• _Goal of the exercise_
Go to the line below containing "Volkswagen представил концепт" and print exactly from there through the line containing "DS DS 7 Crossback", both included. Print nothing else.

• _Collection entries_
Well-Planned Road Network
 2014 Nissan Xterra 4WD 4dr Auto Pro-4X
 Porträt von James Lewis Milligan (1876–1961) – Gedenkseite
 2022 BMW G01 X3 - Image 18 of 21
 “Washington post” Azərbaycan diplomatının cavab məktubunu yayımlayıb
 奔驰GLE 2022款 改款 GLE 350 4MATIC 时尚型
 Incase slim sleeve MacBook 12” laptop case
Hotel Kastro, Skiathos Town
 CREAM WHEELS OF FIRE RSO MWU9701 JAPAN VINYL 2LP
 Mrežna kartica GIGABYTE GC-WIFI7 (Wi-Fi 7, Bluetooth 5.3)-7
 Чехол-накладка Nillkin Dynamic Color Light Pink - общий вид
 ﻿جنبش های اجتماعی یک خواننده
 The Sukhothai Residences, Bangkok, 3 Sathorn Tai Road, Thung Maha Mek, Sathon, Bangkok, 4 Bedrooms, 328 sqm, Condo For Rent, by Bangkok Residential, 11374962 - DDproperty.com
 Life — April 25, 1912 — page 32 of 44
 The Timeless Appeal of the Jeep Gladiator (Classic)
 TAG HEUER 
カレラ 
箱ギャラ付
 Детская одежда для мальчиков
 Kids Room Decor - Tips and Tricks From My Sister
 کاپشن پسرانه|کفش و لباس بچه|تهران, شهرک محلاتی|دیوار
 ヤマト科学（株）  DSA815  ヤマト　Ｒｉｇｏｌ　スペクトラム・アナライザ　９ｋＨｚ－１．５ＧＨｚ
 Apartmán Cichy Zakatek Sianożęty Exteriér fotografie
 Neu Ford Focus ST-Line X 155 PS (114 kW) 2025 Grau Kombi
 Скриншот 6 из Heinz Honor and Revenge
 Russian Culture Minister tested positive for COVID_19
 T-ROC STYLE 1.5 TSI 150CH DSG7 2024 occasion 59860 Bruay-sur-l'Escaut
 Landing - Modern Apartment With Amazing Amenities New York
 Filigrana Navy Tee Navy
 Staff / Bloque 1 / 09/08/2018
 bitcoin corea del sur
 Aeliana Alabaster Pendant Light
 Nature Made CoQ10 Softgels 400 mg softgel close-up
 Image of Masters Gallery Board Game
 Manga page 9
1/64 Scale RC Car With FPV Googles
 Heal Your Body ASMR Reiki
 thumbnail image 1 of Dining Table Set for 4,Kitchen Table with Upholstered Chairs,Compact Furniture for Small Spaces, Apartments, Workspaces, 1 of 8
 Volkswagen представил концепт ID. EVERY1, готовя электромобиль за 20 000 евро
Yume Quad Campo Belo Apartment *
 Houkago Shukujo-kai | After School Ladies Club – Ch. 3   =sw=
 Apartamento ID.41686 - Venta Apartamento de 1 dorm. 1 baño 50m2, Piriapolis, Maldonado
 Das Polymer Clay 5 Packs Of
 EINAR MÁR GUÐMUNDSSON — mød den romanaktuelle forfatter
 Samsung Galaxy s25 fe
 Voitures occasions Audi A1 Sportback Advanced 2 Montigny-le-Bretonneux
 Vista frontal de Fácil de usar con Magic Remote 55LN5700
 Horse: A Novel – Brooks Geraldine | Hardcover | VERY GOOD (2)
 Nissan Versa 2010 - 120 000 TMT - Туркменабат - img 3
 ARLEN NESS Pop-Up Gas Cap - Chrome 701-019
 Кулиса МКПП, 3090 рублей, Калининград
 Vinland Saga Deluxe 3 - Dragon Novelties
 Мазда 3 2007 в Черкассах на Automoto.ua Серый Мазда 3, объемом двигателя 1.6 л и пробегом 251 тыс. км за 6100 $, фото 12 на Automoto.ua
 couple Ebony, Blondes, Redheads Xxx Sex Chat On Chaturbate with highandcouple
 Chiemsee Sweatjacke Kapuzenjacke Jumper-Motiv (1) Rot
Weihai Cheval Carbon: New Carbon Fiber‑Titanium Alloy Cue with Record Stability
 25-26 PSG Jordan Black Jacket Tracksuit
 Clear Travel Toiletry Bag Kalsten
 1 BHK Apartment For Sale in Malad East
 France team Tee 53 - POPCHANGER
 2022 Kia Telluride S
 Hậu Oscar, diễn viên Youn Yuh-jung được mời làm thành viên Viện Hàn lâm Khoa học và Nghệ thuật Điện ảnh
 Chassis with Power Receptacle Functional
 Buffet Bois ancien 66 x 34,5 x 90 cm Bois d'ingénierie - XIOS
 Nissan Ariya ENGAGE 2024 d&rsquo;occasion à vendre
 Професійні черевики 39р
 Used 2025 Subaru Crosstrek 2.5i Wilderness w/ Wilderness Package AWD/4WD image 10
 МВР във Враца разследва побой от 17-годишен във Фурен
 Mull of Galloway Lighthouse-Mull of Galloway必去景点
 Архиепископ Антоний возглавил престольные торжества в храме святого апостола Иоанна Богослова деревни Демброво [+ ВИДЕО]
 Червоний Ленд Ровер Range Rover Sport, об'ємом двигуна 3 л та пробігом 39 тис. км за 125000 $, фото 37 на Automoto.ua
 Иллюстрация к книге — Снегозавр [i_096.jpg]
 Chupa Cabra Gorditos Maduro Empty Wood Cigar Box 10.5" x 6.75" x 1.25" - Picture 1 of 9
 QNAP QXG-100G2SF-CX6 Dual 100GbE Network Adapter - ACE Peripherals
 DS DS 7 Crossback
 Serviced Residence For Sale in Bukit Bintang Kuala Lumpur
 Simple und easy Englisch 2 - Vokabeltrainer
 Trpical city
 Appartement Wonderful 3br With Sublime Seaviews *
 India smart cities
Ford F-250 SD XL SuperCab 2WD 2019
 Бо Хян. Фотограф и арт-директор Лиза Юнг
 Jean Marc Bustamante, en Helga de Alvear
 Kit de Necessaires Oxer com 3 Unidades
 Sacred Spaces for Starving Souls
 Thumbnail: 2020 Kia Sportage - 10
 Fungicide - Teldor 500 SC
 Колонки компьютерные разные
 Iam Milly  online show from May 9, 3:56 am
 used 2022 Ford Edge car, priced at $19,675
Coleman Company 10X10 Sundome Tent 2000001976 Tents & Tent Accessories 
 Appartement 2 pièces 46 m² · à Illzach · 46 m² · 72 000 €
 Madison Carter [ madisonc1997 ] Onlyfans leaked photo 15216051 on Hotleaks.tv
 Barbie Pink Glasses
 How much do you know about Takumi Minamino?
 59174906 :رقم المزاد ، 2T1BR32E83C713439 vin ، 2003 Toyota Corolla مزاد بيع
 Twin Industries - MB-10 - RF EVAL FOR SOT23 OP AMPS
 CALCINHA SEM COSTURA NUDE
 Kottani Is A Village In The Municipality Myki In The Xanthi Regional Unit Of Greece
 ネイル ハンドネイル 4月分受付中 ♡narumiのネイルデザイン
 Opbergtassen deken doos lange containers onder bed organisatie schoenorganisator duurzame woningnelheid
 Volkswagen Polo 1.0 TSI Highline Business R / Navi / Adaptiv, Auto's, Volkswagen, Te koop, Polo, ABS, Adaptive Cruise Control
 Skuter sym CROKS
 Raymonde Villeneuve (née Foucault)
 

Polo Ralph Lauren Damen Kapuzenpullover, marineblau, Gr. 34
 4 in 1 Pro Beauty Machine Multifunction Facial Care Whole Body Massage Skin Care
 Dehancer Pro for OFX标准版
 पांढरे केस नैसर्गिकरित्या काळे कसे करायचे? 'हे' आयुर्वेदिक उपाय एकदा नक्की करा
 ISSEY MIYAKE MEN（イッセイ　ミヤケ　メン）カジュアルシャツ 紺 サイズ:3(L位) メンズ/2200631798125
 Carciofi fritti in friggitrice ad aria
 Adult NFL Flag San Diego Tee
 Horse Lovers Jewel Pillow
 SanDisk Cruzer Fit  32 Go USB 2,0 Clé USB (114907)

• _Answer for this exercise_
 Volkswagen представил концепт ID. EVERY1, готовя электромобиль за 20 000 евро
Yume Quad Campo Belo Apartment *
 Houkago Shukujo-kai | After School Ladies Club – Ch. 3   =sw=
 Apartamento ID.41686 - Venta Apartamento de 1 dorm. 1 baño 50m2, Piriapolis, Maldonado
 Das Polymer Clay 5 Packs Of
 EINAR MÁR GUÐMUNDSSON — mød den romanaktuelle forfatter
 Samsung Galaxy s25 fe
 Voitures occasions Audi A1 Sportback Advanced 2 Montigny-le-Bretonneux
 Vista frontal de Fácil de usar con Magic Remote 55LN5700
 Horse: A Novel – Brooks Geraldine | Hardcover | VERY GOOD (2)
 Nissan Versa 2010 - 120 000 TMT - Туркменабат - img 3
 ARLEN NESS Pop-Up Gas Cap - Chrome 701-019
 Кулиса МКПП, 3090 рублей, Калининград
 Vinland Saga Deluxe 3 - Dragon Novelties
 Мазда 3 2007 в Черкассах на Automoto.ua Серый Мазда 3, объемом двигателя 1.6 л и пробегом 251 тыс. км за 6100 $, фото 12 на Automoto.ua
 couple Ebony, Blondes, Redheads Xxx Sex Chat On Chaturbate with highandcouple
 Chiemsee Sweatjacke Kapuzenjacke Jumper-Motiv (1) Rot
Weihai Cheval Carbon: New Carbon Fiber‑Titanium Alloy Cue with Record Stability
 25-26 PSG Jordan Black Jacket Tracksuit
 Clear Travel Toiletry Bag Kalsten
 1 BHK Apartment For Sale in Malad East
 France team Tee 53 - POPCHANGER
 2022 Kia Telluride S
 Hậu Oscar, diễn viên Youn Yuh-jung được mời làm thành viên Viện Hàn lâm Khoa học và Nghệ thuật Điện ảnh
 Chassis with Power Receptacle Functional
 Buffet Bois ancien 66 x 34,5 x 90 cm Bois d'ingénierie - XIOS
 Nissan Ariya ENGAGE 2024 d&rsquo;occasion à vendre
 Професійні черевики 39р
 Used 2025 Subaru Crosstrek 2.5i Wilderness w/ Wilderness Package AWD/4WD image 10
 МВР във Враца разследва побой от 17-годишен във Фурен
 Mull of Galloway Lighthouse-Mull of Galloway必去景点
 Архиепископ Антоний возглавил престольные торжества в храме святого апостола Иоанна Богослова деревни Демброво [+ ВИДЕО]
 Червоний Ленд Ровер Range Rover Sport, об'ємом двигуна 3 л та пробігом 39 тис. км за 125000 $, фото 37 на Automoto.ua
 Иллюстрация к книге — Снегозавр [i_096.jpg]
 Chupa Cabra Gorditos Maduro Empty Wood Cigar Box 10.5" x 6.75" x 1.25" - Picture 1 of 9
 QNAP QXG-100G2SF-CX6 Dual 100GbE Network Adapter - ACE Peripherals
 DS DS 7 Crossback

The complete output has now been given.